Foreign investors were net sellers of Philippine shares Tuesday, shedding a net $193.36mn in local equities, which represented the largest net daily outflow since Mar 9, 2021.
- The figure was boosted by an element of catch-up activity, due to a closure of domestic financial markets on Monday, when strong risk-off tone drove a global equity rout. A wave of outflows swept across emerging Asia, as offshore investors were net sellers of Indian, Indonesian, Thai, Malaysian and Taiwanese stocks.
- Fresh rounds of hawkish Fedspeak and the reverberations of market turbulence in the UK helped undermine sentiment at the start to the week, generating pent-up impetus for the Philippine markets, which were shut as a super typhoon hit the main Luzon island.

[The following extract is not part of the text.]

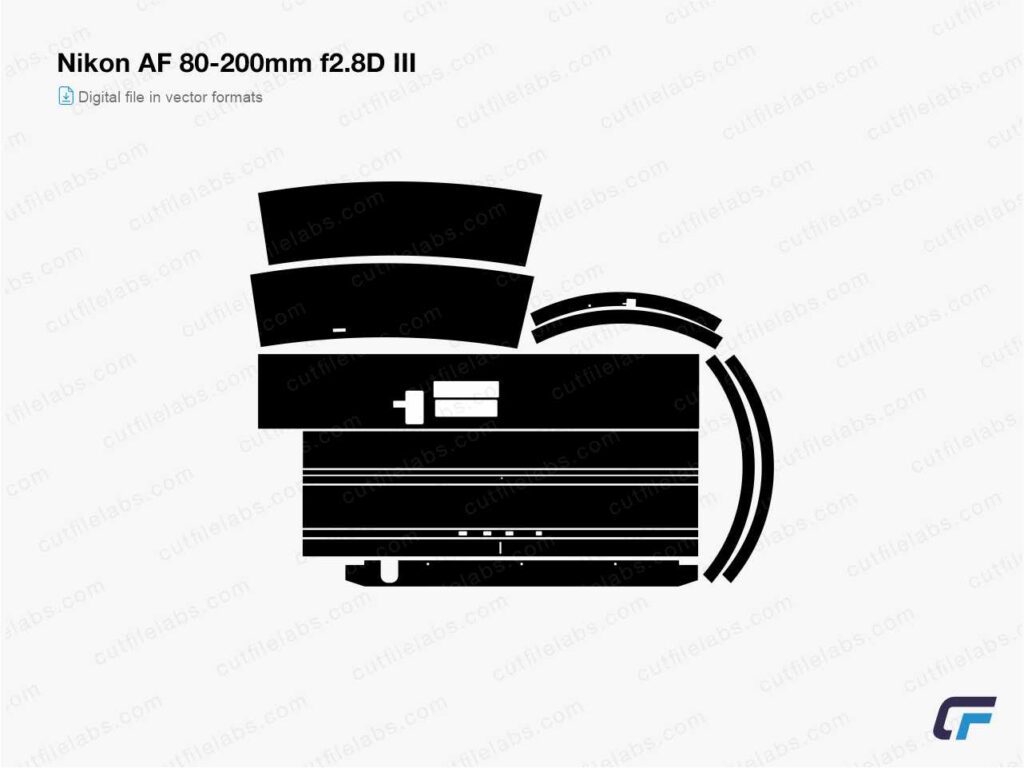 Nikon AF 80-200mm f2.8D III Cut File Template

- The authorities are assessing the scale of the damage wrought by typhoon Noru, but it has been confirmed that swathes of farmland have been affected. While the government refused to lower its growth target for the year, reports of widespread rice crop destruction fuelled concerns over existing food shortages, which risk accentuating price pressures and nudging the BSP towards a steeper tightening path.
- Rapid peso depreciation amplifies pressure on the Philippine equity market as USD/PHP keeps refreshing all-time highs. This bites into local corporate earnings when converted into USD, likely keeping foreign investors on the sidelines.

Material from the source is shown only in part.